Molecular Dynamics Simulation Analysis of P12 Peptide Interaction with a Hydrophobic, Carbon Fluoride Surface

Excessive fibrin fiber formation on surfaces can lead to thrombosis and stroke. To address this, we study P12, a 14-residue peptide that has been found to reduce fiber formation and clotting. In vivo, adding P12 to a hydrophobic surface leads to considerably reduced fibrin formation. We aim to replicate this process in silico to uncover the atomistic interactions driving P12’s binding to hydrophobic surfaces and identify the properties, such as hydrophobicity, that influence its binding preferences.

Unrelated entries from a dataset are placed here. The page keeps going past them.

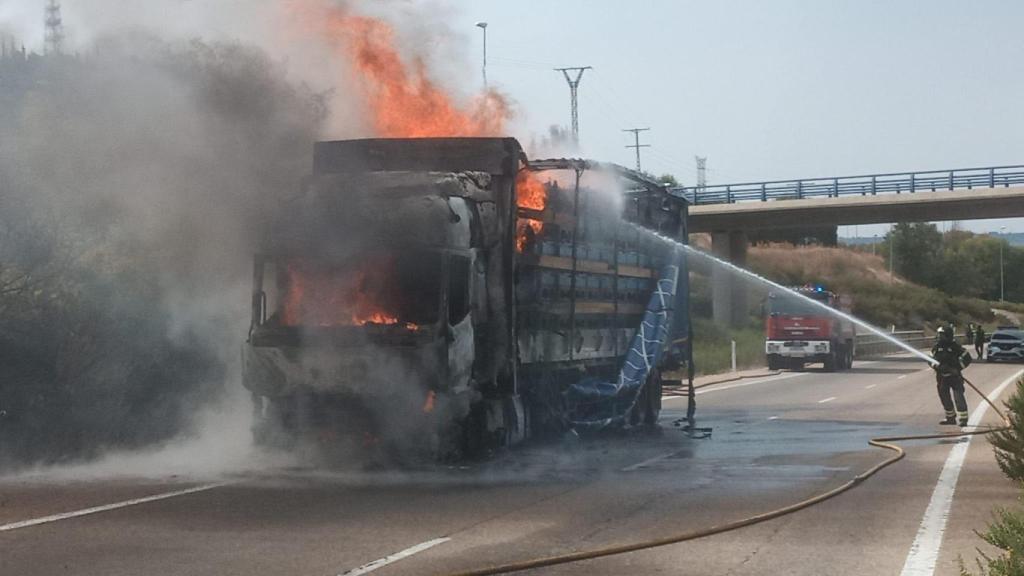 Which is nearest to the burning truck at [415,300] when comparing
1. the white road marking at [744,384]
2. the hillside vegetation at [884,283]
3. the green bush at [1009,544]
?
the green bush at [1009,544]

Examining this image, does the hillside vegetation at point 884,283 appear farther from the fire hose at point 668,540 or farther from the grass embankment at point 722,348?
the fire hose at point 668,540

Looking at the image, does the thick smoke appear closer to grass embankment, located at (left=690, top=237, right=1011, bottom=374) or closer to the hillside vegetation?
the hillside vegetation

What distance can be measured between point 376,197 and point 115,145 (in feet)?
17.0

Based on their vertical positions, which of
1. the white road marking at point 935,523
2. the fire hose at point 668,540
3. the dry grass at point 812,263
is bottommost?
the white road marking at point 935,523

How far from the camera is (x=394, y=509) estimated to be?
12352 mm

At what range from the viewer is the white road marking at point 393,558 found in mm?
9273

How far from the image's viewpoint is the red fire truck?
4703cm

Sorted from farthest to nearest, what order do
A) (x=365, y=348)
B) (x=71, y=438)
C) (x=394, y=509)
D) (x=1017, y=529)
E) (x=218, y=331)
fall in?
(x=218, y=331), (x=71, y=438), (x=365, y=348), (x=394, y=509), (x=1017, y=529)

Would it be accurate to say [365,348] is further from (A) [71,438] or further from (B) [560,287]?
(A) [71,438]

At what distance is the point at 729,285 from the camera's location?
67.3 m

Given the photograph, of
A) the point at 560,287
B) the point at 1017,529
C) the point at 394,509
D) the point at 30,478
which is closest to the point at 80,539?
the point at 394,509

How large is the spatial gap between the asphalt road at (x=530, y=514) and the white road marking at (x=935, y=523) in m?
0.02

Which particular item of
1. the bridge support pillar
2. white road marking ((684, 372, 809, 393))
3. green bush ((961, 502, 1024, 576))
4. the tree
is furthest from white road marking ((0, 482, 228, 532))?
the tree

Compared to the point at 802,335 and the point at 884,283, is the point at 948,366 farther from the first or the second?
the point at 884,283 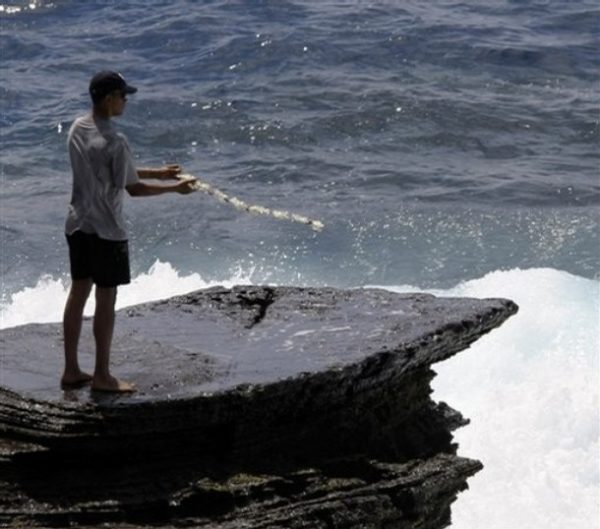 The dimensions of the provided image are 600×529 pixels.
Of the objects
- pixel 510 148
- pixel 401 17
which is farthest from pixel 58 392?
pixel 401 17

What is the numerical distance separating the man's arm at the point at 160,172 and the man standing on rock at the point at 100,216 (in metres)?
0.15

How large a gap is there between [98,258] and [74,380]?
54cm

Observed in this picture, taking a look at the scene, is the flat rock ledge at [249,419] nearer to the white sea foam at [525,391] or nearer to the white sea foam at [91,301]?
the white sea foam at [525,391]

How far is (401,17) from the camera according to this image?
22.8 metres

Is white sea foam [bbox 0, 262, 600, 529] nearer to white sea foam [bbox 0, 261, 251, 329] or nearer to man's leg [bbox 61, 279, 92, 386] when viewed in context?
white sea foam [bbox 0, 261, 251, 329]

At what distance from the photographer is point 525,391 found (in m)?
12.3

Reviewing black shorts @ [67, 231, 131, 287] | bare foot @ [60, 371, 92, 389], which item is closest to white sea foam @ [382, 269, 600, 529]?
bare foot @ [60, 371, 92, 389]

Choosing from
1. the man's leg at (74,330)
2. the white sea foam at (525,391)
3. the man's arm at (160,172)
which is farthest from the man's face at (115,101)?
the white sea foam at (525,391)

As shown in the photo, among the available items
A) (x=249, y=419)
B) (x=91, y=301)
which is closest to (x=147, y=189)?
(x=249, y=419)

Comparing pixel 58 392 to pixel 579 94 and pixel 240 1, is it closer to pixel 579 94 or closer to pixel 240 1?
pixel 579 94

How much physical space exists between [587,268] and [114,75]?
29.2ft

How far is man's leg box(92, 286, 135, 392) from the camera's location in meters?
7.08

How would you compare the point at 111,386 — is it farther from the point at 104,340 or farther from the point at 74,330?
the point at 74,330

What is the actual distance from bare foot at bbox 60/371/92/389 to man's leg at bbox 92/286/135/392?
0.33 ft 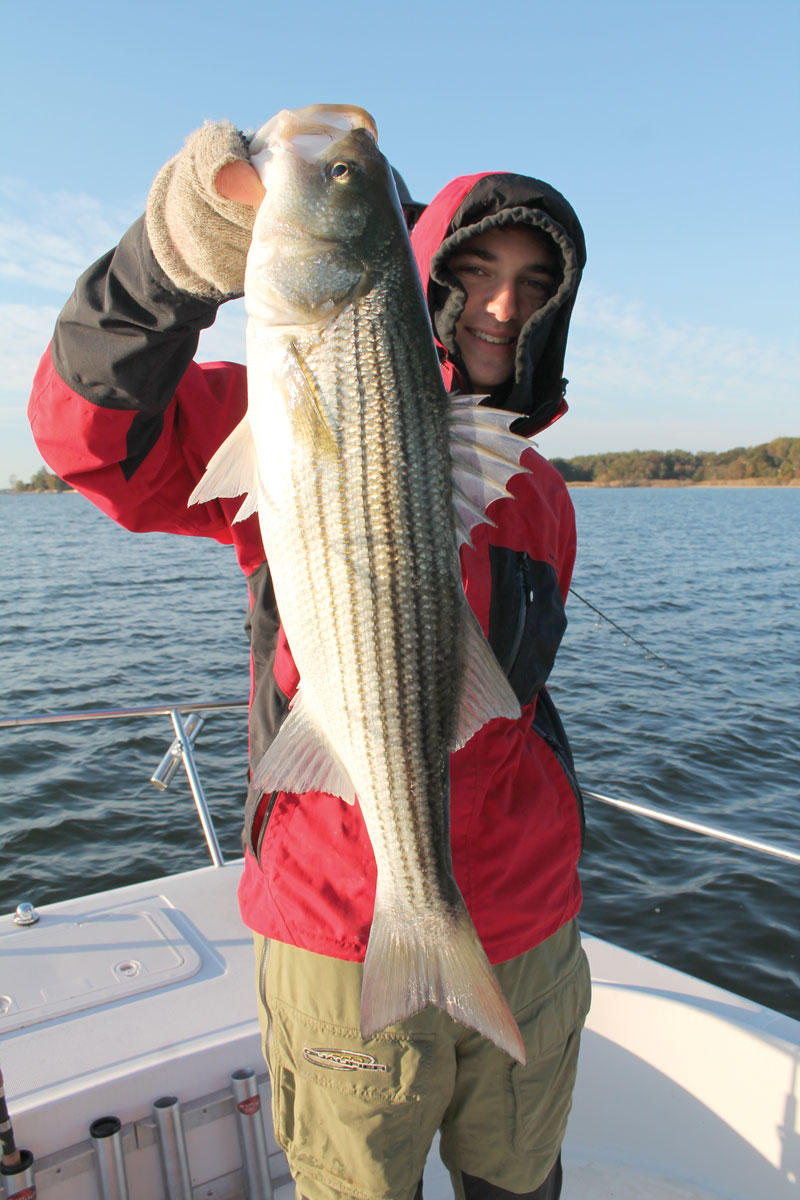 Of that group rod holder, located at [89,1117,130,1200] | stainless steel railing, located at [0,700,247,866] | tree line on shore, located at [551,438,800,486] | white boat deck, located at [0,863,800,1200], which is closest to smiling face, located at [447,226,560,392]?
stainless steel railing, located at [0,700,247,866]

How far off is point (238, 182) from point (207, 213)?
116 mm

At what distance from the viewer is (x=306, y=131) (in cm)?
201

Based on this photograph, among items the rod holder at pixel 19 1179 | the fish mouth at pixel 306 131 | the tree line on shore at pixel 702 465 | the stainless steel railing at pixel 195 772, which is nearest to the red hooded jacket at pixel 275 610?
the fish mouth at pixel 306 131

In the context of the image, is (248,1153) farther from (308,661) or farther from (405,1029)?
(308,661)

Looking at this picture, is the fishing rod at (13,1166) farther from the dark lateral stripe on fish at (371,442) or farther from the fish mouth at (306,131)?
the fish mouth at (306,131)

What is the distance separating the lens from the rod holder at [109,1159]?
2.82 meters

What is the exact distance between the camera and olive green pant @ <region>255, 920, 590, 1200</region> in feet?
7.22

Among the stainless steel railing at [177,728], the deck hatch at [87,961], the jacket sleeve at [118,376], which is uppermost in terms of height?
the jacket sleeve at [118,376]

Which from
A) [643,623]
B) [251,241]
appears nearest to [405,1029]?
[251,241]

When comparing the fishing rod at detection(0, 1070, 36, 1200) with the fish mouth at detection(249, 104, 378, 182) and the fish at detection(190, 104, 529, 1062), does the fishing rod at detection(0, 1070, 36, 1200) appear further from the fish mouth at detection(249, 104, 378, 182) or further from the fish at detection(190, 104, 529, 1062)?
the fish mouth at detection(249, 104, 378, 182)

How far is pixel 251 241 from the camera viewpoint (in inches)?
79.7

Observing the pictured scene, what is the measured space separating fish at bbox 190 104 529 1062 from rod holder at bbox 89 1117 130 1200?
154 cm

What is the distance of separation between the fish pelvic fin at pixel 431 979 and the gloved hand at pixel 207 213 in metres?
1.72

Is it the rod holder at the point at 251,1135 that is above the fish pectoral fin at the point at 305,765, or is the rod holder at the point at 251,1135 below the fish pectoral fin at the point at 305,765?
below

We further compare these interactions to those between P12 and specific domains of fibrinogen (N-terminal of αC, E, and D).

A fluorinated hydrocarbon surface was constructed using GROMACS and CHARMM-GUI to model the hydrophobic surface. P12 was placed in “face up” and “face down” orientations on the slab, and molecular dynamics simulations were conducted for 100 ns using the CHARMM36 force field and TIP3P water model.

Binding free energy calculations determined the strength of the P12-surface interaction, with a value of -22.45 ± 5.88 kcal/mol for the face-up complex. Analysis of SASA and hydrogen bonding suggested similar stability across orientations, while residue contact analysis revealed strong hydrophilic and hydrophobic contributions. Comparing these results with our simulations on P12 with the domains of fibrinogen, we found that P12 exhibited the strongest affinity for the N-terminal.